Pasek Apple Watch sam dopasuje się do użytkownika
Najnowszy patent Apple podniesie komfort korzystania z Apple Watch. Opisuje bowiem specjalny typ paska, który automatycznie dopasuje się do nadgarstka użytkownika.
Problemem obecnym w wielu zegarkach jest dopasowanie paska lub bransolety do szerokości nadgarstka użytkownika. Nie zawsze da się to zrobić w taki sposób, by idealnie przylegała do ciała i często pojawiają się luzy. Obniżają komfort użytkowania sprzętu, a w skrajnych przypadkach mogą prowadzić do otarć skóry.
Podobny problem dotyczy też smartwatchy takich jak Apple Watch, jednak inżynierowie Apple mogą mieć ciekawy pomysł na jego rozwiązanie. Natrafiono bowiem na nowy patent, który sugeruje coś w rodzaju samozaciskającego się paska. W opisie patentu czytamy, że pasek będzie utrzymywał stałe napięcie podczas noszenia. Zmiany jego długości mogą nastąpić automatycznie, aby uwzględnić zmiany rozmiaru i obwodu nadgarstka podczas jego ruchu.
Dzięki temu zarówno pasek jak i sam zegarek, będą ściśle przylegały do ciała noszącego. To z kolei nie tylko odniesie komfort użytkowania sprzętu, ale dodatkowo może zoptymalizować działanie sensorów w pasku oraz obudowie. Innymi słowy, ścisłe przyleganie do ciała, poprawi dokładność czujników fizjologicznych.

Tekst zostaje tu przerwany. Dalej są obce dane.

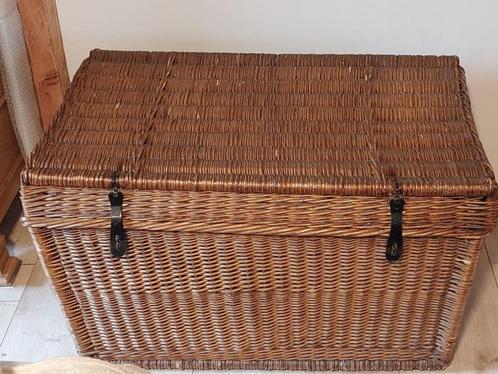 Grote mooie rieten mand met sluitingen, Huis en Inrichting, Woonaccessoires | Schalen en Manden, Gebruikt, Mand, Rechthoekig, Riet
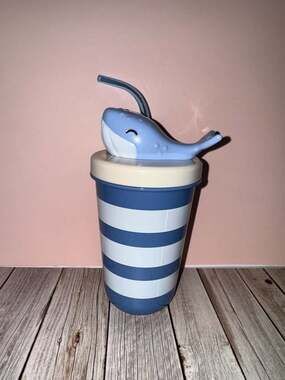 Sun Squad 17 fl oz Tumbler with Figural Whale Lid Blue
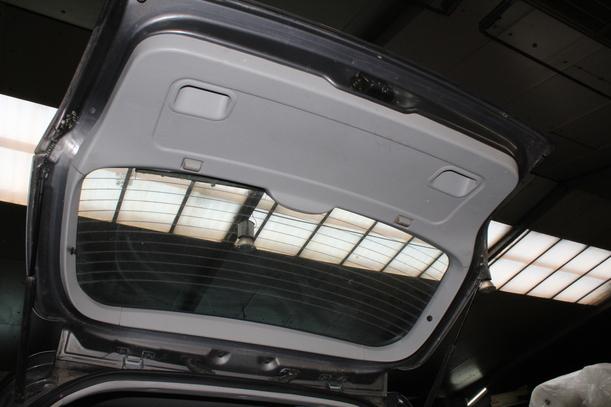 Foto: HECKKLAPPE / HECKDECKEL ( STEILHECK ) eines Kia Cerato 1.6 GL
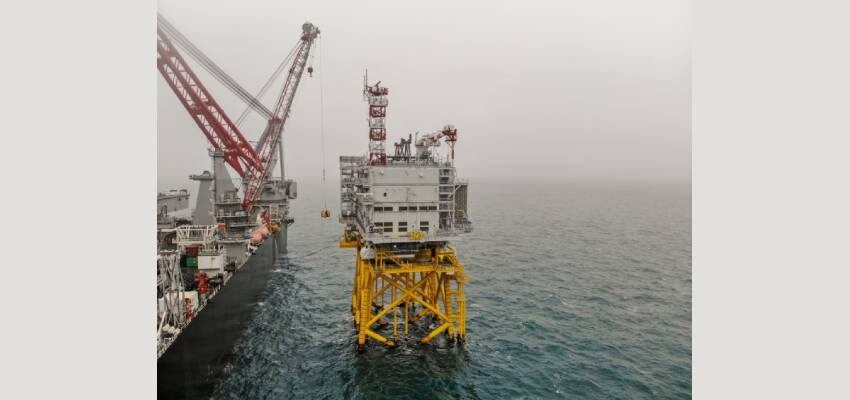 Peterson supporting installation of Hollandse Kust Zuid transformer stations
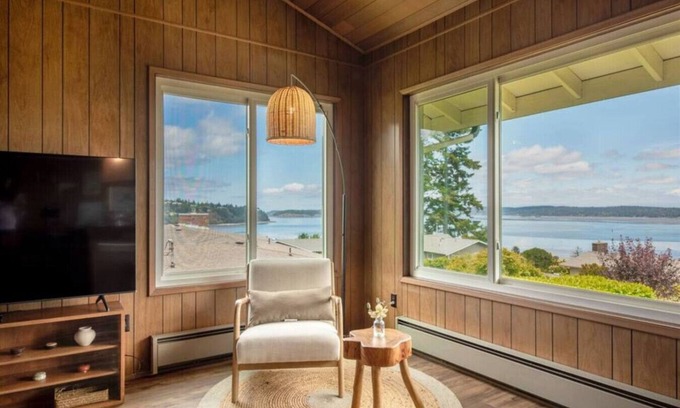 Oak Harbor Apartamento | Morden Rustic 6B3B w/Water & Mountain View + BBQ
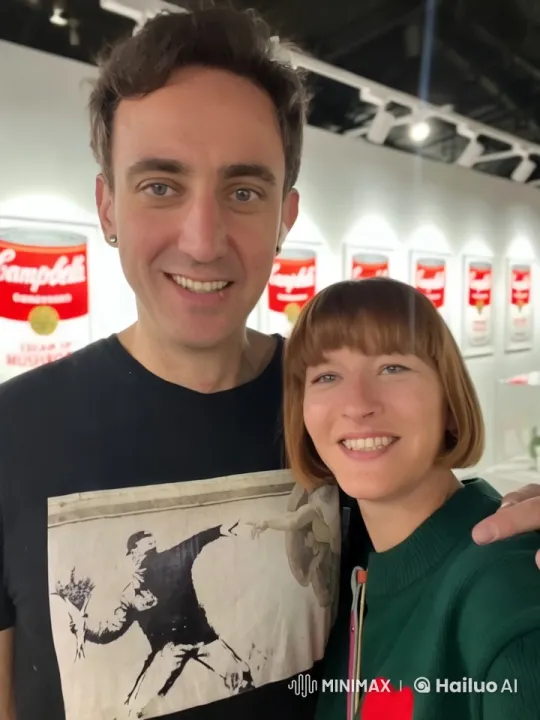 Art Gallery Kiss: A Stylish and Intimate Moment – AI Generated Video | Hailuo AI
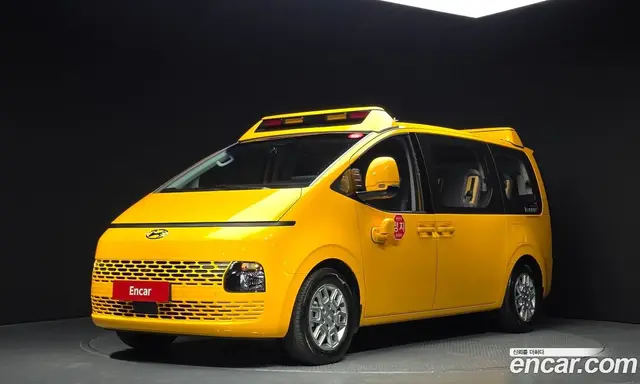 Hyundai Staria, 2024, 12 779 км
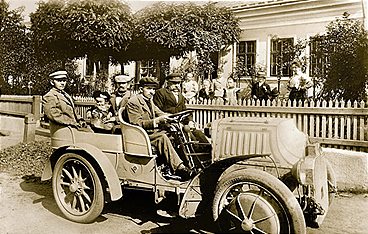 Erfolgsgeschichten in Rot-Weiß-Rot: Vom Steyr-Baby zum Austroporsche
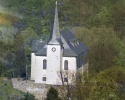 Die evangelische Kirche. Sie liegt auf einer kleinen Erhebung mitten im alten Ortskern von Burbach. Sie war ursprünglich eine Wehrkirche.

Naturalne musimy pamiętać, że opatentowanie jakiegoś pomysłu nie jest równoznaczne z wprowadzeniem do go użytku. Apple zabezpiecza wiele koncepcji, z których potem nigdy nie korzysta. Ten pomysł mógłby być jednak bardzo użyteczny, jeśli tylko uda się znaleźć odpowiednie materiały.